Texte intégral
Bernard Kouchner : Un carnet sera remis au patient dès son arrivée à l’hôpital. On y trouvera des informations pratiques, comme les centres anti-douleurs et l’on expliquera qu’il ne faut pas avoir honte d’avoir mal. Que le soulagement de la douleur est une nécessité. Chaque malade aura aussi à disposition une réglette anti-douleur qui permettra à l’équipe soignante de mieux apprécier l’intensité de sa souffrance. Une mesure qui sera portée sur la pancarte au pied du lit, au même titre que la tension, la température… Au même titre que les consignes incendie, des consignes en cas de douleur, avec des protocoles validés par un médecin, seront affichés dans les services.
Cette disposition permettra aux infirmières de délivrer des antalgiques majeurs aux patients, même en l’absence du médecin. Nous diffuserons aussi des pompes d’auto-analgésie qui permettent au patient de déclencher lui-même les doses qui lui conviennent. La satisfaction des usagers dans la prise en charge de leur douleur sera d’ailleurs relevée sur des fiches qu’on leur proposera à la sortie de leur hospitalisation. Cet indice sera pris en compte dans le cadre de l’accréditation des établissements.
Emmanuelle Chantepie : Pourquoi supprimez-vous aussi le carnet à souches, support de prescription obligatoire des médicaments stupéfiants ?
Bernard Kouchner : C’est une des plus importantes mesures de ce plan. Il faut simplifier l’accès aux grands antalgiques, comme la morphine par exemple. Le carnet à souches était un obstacle, trop difficile d’accès. Même chez les pharmaciens, c’était compliqué, délicat. Il sera donc supprimé et remplacé d’ici la fin de l’année par des ordonnances qui serviront à la prescription de tous les médicaments, y compris les médicaments stupéfiants.
Emmanuelle Chantepie : Et la prise en compte de la douleur chez l’enfant ?

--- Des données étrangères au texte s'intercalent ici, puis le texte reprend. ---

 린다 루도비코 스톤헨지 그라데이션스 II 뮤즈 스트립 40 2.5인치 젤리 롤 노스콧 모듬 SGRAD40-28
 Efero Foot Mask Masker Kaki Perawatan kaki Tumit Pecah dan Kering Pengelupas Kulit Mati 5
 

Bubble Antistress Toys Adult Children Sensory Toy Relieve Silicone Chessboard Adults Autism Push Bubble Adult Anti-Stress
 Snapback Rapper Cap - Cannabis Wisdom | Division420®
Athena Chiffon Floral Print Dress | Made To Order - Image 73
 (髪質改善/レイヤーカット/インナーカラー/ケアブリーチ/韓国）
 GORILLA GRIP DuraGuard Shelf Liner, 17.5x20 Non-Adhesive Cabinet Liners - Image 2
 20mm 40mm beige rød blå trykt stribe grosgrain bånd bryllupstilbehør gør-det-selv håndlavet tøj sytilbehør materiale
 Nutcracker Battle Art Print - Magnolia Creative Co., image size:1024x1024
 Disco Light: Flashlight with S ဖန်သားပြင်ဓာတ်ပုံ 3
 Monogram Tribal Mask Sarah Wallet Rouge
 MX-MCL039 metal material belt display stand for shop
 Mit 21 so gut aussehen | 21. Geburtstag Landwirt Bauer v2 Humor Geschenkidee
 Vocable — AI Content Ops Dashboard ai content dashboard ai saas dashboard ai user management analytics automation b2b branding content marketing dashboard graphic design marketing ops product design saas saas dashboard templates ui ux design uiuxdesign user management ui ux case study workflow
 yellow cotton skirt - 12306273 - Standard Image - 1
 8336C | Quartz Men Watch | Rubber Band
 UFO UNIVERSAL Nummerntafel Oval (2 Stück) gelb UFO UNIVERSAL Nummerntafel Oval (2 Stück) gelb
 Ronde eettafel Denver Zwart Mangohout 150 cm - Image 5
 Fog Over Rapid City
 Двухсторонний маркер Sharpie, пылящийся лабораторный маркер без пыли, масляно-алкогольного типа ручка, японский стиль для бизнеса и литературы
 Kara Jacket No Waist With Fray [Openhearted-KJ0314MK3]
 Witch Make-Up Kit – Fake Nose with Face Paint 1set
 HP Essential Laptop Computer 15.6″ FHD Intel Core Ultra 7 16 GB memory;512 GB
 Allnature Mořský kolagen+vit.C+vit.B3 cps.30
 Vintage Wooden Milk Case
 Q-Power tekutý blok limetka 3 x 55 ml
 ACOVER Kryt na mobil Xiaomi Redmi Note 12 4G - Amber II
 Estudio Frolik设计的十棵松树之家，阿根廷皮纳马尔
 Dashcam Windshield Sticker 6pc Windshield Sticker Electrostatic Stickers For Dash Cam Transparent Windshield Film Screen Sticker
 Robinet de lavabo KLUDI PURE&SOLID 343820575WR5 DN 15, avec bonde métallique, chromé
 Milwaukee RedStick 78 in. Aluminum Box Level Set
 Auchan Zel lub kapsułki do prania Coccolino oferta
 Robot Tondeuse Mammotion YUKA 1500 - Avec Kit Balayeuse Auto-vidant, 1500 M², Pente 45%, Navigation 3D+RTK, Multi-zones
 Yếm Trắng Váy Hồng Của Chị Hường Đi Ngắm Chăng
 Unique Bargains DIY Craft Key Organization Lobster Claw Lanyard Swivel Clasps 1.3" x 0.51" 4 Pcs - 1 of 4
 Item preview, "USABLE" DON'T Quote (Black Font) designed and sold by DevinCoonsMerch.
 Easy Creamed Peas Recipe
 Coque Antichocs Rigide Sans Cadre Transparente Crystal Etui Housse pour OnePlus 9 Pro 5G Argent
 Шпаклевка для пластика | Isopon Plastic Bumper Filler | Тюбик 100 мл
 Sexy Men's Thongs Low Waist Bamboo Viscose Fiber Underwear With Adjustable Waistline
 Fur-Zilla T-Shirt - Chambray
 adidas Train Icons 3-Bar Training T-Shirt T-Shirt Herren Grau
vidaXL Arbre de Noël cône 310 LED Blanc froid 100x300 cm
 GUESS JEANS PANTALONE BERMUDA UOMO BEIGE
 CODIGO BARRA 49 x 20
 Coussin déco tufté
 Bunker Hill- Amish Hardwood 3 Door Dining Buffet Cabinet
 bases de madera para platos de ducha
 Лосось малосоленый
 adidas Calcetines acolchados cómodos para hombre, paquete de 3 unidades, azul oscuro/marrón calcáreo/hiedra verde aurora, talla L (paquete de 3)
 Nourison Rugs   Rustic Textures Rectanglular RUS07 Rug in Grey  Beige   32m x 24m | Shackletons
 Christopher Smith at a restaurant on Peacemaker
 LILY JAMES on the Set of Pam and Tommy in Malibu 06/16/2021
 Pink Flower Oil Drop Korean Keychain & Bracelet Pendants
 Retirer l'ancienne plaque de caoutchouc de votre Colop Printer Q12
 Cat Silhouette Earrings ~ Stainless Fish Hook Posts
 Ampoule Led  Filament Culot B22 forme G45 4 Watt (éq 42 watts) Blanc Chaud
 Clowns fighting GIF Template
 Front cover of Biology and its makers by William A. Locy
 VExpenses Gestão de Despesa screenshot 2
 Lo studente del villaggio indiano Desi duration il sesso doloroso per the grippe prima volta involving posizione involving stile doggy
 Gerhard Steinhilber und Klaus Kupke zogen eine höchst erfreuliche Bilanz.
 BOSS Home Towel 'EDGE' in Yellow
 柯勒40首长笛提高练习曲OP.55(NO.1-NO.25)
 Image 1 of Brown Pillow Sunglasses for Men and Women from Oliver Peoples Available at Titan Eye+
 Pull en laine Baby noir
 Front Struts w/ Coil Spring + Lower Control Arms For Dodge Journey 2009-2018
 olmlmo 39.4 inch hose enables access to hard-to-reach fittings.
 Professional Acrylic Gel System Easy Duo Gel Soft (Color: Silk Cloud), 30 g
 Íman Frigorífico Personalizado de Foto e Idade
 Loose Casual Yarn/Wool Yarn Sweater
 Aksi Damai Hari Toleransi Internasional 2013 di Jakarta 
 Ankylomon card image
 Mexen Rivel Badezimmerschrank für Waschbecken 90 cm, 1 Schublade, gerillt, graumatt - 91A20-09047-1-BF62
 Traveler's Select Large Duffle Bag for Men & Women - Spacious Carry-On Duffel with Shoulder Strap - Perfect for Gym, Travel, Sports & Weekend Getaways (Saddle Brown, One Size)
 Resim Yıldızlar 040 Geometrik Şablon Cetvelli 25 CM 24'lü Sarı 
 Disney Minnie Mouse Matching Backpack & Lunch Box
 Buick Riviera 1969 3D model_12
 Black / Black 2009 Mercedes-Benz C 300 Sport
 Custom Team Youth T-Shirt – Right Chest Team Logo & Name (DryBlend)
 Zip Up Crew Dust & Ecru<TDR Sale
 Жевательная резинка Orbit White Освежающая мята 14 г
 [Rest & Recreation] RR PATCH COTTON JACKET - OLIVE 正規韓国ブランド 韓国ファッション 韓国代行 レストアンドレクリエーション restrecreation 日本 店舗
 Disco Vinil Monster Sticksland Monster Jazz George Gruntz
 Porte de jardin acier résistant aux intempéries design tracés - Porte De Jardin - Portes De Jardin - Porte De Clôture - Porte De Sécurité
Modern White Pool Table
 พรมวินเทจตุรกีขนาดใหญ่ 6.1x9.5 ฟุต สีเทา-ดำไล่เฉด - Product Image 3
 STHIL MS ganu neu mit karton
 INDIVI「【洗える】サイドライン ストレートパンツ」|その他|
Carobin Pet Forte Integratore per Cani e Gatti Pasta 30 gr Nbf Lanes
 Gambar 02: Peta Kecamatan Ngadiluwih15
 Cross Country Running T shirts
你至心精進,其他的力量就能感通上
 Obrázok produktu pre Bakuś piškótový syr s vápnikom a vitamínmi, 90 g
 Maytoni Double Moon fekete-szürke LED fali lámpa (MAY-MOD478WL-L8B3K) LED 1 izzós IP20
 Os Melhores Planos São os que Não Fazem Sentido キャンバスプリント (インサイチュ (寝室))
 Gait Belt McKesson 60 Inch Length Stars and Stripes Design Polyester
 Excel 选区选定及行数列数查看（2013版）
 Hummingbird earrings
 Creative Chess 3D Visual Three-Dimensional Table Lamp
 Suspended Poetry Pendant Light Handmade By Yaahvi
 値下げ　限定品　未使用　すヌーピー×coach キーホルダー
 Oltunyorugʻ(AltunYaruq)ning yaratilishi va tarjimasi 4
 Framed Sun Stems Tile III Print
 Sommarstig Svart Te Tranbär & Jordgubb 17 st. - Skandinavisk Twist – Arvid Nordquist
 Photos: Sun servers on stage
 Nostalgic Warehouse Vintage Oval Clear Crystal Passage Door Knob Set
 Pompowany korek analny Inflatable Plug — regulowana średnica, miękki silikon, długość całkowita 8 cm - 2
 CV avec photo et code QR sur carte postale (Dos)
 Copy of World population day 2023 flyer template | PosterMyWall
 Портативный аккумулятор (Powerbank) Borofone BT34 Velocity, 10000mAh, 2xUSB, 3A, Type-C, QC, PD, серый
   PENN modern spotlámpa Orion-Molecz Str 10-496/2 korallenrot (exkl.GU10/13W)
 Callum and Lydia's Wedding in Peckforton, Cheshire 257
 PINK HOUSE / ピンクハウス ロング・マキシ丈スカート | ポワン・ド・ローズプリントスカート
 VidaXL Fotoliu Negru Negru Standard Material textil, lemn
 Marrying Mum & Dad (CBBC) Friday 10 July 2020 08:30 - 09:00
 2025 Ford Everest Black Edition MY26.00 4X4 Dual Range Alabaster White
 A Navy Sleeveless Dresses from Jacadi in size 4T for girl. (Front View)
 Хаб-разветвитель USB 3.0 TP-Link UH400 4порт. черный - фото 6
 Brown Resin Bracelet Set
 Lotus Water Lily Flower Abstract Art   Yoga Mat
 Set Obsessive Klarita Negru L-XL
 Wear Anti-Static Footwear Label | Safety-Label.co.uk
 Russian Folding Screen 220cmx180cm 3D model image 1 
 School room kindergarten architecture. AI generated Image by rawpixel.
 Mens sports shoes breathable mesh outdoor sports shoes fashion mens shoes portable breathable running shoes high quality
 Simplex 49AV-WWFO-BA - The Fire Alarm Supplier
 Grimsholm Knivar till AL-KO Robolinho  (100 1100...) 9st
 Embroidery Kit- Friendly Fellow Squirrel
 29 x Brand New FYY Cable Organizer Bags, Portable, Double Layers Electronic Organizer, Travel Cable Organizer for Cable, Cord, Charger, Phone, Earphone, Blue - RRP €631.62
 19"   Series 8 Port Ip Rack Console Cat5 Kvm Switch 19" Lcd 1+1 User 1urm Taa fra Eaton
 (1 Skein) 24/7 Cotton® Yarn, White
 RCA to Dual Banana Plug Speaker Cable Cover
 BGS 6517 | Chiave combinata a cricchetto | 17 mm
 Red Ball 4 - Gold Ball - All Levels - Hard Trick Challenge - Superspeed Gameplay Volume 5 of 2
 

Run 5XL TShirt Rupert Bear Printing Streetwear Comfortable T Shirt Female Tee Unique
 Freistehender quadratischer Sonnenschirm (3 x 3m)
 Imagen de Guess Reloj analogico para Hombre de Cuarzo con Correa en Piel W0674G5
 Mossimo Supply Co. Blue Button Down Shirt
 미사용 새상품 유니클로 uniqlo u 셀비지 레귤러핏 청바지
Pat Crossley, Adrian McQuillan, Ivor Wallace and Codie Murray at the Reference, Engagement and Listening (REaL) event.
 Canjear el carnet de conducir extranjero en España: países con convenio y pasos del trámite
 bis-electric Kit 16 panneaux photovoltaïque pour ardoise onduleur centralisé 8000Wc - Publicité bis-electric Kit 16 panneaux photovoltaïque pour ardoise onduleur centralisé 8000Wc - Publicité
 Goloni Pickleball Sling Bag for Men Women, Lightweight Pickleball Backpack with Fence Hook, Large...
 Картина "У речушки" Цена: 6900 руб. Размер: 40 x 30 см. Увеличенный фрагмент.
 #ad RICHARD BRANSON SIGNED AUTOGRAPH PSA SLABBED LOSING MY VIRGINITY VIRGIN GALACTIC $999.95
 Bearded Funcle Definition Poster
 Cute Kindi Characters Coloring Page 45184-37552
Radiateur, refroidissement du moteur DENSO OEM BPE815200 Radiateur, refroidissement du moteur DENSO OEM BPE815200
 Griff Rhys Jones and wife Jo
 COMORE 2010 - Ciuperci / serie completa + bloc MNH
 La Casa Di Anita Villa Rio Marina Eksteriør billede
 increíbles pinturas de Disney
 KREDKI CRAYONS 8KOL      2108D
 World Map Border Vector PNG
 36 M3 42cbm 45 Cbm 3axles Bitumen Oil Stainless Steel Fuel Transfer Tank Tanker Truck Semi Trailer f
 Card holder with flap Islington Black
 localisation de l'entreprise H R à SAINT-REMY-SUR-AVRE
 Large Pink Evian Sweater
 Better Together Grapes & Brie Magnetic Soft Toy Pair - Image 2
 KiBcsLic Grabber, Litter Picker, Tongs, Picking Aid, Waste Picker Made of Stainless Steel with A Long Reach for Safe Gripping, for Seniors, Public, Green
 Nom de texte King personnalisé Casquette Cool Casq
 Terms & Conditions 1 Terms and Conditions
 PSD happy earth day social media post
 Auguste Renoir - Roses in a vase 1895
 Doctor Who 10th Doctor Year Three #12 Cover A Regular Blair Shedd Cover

Bernard Kouchner : Il faut qu’elle soit pleinement reconnue. Comme on a trop longtemps nié la douleur des tout-petits en France, il n’existe pas aujourd’hui assez d’antalgiques puissants sous forme pédiatriques. En liaison avec l’Agence du Médicament, il faut donc susciter ce développement. Nous espérons que les industriels nous répondront.
Emmanuelle Chantepie : Pourquoi y a-t-il encore tant de résistance à vouloir soulager la douleur ?
Bernard Kouchner : Il y a trop longtemps eu cette idée de rédemption par la douleur, de péage obligatoire vers la mort. Une étude du Credoc réalisée en 1995 montrait qu’entre 50 et 75 % des cancéreux recevaient des traitements contre la douleur inadéquats, ce qui les laissaient inutilement souffrir. La situation évolue mais lentement car il est difficile de changer les mentalités. Les péridurales par exemple, seules 49 % des femmes en bénéficient. Je souhaite qu’on se fixe comme objectif que d’ici l’an 2000, toutes les femmes qui le souhaitent accouchent sous péridurale.